Mélenchon revelou-se um político de pequeníssima estatura e quantos o acompanham na vida política portuguesa limitam-se a revelar o seu carácter intrinsecamente antidemocrático.

Desta vez as previsões obtidas através de sondagens não foram desmentidas pelos resultados eleitorais finais. Tal como se previa de algumas semanas a esta parte, Emanuel Macron e Marine Le Pen vão disputar a segunda volta das eleições presidenciais francesas. Macron sairá muito provavelmente vencedor dessa contenda, que opõe duas concepções claramente antagónicas da França e do seu lugar na Europa e no Mundo.

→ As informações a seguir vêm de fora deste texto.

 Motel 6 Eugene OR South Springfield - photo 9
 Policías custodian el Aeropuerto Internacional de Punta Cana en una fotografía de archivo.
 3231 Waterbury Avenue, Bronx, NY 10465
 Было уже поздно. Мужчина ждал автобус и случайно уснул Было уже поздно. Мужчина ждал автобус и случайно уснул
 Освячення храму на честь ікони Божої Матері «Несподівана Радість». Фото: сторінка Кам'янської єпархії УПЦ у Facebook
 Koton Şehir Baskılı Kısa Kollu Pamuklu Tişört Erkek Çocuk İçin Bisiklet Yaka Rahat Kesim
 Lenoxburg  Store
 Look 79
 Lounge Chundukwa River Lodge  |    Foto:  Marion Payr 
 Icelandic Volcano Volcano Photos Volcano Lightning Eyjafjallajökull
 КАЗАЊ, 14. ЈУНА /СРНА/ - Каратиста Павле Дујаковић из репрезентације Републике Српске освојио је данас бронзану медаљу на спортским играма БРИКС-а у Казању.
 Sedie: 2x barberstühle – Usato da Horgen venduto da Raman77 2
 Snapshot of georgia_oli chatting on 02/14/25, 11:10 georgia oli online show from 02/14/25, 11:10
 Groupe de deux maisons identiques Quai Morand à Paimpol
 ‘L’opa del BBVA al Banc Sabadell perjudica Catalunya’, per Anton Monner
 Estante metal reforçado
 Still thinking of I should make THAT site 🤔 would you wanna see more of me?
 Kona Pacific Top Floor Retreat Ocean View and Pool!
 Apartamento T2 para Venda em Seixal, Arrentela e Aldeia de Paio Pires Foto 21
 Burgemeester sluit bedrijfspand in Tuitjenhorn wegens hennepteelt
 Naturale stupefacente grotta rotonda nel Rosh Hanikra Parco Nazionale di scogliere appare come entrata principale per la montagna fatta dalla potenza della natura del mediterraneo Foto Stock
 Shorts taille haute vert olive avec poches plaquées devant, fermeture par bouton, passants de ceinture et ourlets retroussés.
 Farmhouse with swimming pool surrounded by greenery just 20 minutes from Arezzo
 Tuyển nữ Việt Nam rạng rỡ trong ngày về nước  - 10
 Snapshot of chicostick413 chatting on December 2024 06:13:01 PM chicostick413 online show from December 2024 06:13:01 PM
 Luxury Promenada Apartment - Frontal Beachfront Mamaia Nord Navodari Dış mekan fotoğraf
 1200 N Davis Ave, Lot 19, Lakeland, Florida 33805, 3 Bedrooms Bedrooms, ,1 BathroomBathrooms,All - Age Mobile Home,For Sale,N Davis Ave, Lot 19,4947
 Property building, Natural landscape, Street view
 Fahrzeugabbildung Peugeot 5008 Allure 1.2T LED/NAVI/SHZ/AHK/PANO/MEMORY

Há, porém, vários motivos de reflexão proporcionados quer pelos resultados verificados, quer pela natureza do debate político ocorrido. No plano dos resultados não podemos deixar de registar desde logo a inusitada circunstância de se terem visto arredados da segunda volta os candidatos apoiados pelos partidos estruturantes de quase todo o período correspondente à V República francesa. Para isso contribuíram factores diversos: no caso da direita, a incompreensível obstinação de François Fillon em travar um combate político num estado de nítida inferioridade cívico-moral, e, no caso do PSF, a opção por uma candidatura politicamente imatura e ideologicamente acantonada num radicalismo esquerdizante impróprio de um partido com vocação governativa. De certa maneira poderemos afirmar que ambos cometeram verdadeiros suicídios políticos.

A direita liberal e democrática, que pela primeira vez não terá um representante na segunda volta, prepara-se já pragmaticamente para a chamada “terceira volta”, que corresponde às eleições legislativas que decorrerão em Junho próximo. Libertou-se já da pústula moral que o seu candidato à Presidência a partir de certa altura passou a constituir e enveredará decerto por um discurso bem distinto da mistura explosiva de ultramontanismo societal e de sectarismo anti-estatal que identificou a candidatura agora fenecida. Essa evolução não se fará de modo totalmente pacífico e permitirá o surgimento de um segmento soberanista, profundamente conservador e pouco propenso à adopção de teses liberais, que poderá fazer o seu caminho sem se deixar confundir com a extrema-direita herdeira de Vichy. Para perceber bem o que essa corrente poderá significar recomenda-se a leitura de um livro invulgarmente bem elaborado, da autoria de Patrick Buisson e intitulado La cause du peuple.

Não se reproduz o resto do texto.